RE: [PATCH v3 1/2] x86, mce, severity: extend the the mce_severity mechanism to handle UCNA/DEFERRED error

From: Luck, Tony
Date: Tue Nov 11 2014 - 13:44:27 EST


>> The bank 7 error reported as severity 0 because EN=0 ... so we took no action for it.
>
> How come EN is 0? Bank7 error reporting is not enabled? Why? Or the
> error injection thing doesn't do it?

The "EN" bit is poorly named, and not well documented. Here's a clip from the SDM:

One of bullets in 15.10.4.1 Machine-Check Exception Handler for Error Recovery

When the EN flag is zero but the VAL and UC flags are one in the
IA32_MCi_STATUS register, the reported uncorrected error in this bank
is not enabled. As uncorrected errors with the EN flag = 0 are not the
source of machine check exceptions, the MCE handler should log and clear
non-enabled errors when the S bit is set and should continue searching
for enabled errors from the other IA32_MCi_STATUS registers.
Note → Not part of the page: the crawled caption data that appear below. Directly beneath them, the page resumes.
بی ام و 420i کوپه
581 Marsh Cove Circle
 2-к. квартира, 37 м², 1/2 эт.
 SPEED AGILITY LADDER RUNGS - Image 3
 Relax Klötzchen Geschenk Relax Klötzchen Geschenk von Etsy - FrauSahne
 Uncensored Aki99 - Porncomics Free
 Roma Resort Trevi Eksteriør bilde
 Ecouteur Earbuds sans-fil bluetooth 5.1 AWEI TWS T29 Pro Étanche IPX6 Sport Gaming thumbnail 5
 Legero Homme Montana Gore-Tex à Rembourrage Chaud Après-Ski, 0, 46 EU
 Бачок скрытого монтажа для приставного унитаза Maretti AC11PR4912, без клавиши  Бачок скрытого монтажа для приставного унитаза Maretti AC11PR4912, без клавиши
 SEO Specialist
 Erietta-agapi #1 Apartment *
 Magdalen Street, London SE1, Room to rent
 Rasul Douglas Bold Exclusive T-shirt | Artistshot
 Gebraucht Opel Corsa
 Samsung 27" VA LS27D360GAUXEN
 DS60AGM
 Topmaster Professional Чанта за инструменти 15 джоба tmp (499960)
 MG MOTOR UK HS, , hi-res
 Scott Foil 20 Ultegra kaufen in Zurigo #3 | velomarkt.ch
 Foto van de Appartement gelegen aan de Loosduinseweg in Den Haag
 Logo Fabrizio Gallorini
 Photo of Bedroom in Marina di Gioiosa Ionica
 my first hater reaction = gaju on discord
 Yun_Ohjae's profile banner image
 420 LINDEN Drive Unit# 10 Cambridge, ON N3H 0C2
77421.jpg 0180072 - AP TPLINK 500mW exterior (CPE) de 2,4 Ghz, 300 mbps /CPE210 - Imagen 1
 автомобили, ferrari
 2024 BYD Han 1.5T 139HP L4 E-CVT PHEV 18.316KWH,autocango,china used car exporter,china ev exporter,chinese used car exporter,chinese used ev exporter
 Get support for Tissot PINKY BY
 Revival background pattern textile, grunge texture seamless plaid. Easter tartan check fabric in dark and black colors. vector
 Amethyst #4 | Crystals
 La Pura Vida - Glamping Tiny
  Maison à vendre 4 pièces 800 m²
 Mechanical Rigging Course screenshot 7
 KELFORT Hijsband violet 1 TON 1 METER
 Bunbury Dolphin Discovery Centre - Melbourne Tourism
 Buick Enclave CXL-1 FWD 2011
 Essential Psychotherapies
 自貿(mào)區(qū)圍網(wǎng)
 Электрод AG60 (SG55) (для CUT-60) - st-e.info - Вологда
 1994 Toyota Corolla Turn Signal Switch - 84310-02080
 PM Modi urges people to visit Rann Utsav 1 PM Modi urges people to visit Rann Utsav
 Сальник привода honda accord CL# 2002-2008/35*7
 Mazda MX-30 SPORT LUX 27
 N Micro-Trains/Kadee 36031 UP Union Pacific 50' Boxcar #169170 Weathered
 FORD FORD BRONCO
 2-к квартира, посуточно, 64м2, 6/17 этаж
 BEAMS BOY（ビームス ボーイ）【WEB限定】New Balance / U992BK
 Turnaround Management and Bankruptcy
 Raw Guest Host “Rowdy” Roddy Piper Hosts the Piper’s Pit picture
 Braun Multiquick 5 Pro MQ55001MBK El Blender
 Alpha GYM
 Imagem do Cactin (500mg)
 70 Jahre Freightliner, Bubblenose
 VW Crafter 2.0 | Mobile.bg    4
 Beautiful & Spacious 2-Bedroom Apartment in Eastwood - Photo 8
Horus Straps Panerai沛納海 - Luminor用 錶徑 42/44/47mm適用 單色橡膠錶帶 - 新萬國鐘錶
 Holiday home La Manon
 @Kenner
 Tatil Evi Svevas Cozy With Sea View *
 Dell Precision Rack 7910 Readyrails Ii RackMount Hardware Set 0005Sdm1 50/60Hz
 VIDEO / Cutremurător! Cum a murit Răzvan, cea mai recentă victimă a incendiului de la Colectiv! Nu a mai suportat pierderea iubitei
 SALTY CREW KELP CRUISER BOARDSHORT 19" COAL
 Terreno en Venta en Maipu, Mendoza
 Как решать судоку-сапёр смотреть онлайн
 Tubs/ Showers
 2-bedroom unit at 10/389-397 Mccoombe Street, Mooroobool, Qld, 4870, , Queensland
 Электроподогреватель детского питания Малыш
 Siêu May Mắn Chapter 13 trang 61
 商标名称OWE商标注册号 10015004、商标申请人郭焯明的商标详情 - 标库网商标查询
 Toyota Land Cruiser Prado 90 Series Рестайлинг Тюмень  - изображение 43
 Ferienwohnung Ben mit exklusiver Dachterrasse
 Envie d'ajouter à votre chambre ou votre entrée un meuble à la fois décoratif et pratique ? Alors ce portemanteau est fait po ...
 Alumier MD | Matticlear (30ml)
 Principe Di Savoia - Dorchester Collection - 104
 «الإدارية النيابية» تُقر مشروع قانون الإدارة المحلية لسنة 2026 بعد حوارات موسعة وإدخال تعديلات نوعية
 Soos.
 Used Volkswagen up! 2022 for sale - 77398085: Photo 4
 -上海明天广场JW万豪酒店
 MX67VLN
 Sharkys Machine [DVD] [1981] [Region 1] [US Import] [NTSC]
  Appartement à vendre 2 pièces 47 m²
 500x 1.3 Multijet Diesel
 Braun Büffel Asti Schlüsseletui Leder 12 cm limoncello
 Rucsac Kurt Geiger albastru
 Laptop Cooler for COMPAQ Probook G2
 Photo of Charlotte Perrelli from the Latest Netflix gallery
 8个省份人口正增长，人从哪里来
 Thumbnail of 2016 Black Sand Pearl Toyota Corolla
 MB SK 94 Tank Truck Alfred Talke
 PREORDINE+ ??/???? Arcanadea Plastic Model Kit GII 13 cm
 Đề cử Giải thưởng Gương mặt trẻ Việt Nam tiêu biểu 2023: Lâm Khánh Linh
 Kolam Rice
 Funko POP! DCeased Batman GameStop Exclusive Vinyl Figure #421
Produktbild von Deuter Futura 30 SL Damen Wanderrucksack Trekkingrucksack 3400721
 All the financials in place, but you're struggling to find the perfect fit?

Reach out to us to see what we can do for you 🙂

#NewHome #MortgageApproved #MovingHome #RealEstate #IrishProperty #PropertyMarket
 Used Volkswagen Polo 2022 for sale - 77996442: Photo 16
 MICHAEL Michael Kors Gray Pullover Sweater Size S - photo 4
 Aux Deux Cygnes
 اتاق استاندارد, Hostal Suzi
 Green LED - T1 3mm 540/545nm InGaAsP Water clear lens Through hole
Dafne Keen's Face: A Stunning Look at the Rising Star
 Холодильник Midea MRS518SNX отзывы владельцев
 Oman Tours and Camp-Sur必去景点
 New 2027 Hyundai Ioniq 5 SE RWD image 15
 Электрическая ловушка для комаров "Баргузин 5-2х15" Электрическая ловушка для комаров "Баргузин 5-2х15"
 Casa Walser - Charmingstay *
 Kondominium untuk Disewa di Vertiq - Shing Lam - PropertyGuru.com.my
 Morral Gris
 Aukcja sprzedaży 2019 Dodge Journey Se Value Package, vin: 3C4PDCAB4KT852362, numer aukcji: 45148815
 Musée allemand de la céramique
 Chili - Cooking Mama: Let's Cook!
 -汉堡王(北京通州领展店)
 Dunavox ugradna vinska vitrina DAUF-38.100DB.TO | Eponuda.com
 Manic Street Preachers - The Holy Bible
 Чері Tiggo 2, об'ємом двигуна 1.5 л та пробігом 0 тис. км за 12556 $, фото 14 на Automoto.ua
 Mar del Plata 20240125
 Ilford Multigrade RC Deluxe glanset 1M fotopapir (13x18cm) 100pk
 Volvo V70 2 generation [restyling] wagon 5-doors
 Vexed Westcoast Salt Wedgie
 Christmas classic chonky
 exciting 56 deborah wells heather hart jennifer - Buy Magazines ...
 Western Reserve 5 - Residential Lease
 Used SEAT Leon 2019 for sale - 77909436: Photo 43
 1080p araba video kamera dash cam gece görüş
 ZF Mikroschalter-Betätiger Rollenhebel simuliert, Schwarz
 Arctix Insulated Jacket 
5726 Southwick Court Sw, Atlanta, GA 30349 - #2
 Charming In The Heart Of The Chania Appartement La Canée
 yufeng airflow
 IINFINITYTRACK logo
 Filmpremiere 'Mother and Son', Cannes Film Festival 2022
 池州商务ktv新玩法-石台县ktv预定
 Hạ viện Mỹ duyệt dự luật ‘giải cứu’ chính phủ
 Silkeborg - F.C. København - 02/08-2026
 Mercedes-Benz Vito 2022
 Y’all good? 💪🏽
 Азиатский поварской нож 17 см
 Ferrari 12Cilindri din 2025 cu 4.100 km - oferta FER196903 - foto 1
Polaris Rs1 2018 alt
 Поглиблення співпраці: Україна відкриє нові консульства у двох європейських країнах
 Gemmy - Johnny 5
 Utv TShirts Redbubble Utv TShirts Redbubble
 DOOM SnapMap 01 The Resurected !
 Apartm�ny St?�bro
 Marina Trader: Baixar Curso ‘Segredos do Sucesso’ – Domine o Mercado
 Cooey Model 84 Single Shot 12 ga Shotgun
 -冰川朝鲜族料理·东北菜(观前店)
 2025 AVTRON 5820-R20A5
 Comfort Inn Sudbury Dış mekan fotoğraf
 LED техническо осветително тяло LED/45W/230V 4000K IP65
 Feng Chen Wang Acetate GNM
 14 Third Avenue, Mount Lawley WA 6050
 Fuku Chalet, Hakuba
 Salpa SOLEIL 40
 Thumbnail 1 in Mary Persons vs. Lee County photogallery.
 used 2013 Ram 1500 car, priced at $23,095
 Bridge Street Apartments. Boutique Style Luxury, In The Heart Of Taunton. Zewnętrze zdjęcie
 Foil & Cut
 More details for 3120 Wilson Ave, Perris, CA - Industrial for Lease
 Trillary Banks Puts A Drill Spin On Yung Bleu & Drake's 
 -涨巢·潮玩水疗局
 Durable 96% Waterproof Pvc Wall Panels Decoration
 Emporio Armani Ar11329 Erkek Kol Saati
Note that
when IA32_MCG_CAP [24] is 0, any uncorrected error condition (VAL =1
and UC=1) including the one with the EN flag cleared are fatal and the
handler must signal the operating system to reset the system. For the
errors that do not generate machine check exceptions, the EN flag has
no meaning. See Chapter 19: Table 19-15 to find the errors that do not
generate machine check exceptions.

Unfortunately the reference to chapter 19 is stale (that is now all about
performance monitoring - I'll log a bug with the SDM editor to find the
right reference and fix this).

What this is trying to say is that the "EN" bit is to enable signaling
of machine checks - so it only has meaning when checking banks from the
machine check handler. Errors that are logged, but not signaled, or signaled
as CMCI will have MCi_STATUS.EN=0


>> The bank 3 error got past that hurdle, then through the next BIT(8) set indicates a
>> cache error. Fell at the last check because ADDRV=0.
>
> I guess you could tweak the injection path to write in a default address
> so that that check gets bypassed...

I don't think this is an injection artifact. I think on this processor the mid-level-cache
just isn't providing an address in this case. It doesn't help to make one up - our whole
game plan is to offline a page with a UC error - and we must have an address to know
which page to offline.

Perhaps the severity table entries for UCNA and DEFERRED errors should look to see
if ADDRV is set - if not, don't report this as UCNA/DEFERRED?

-Tony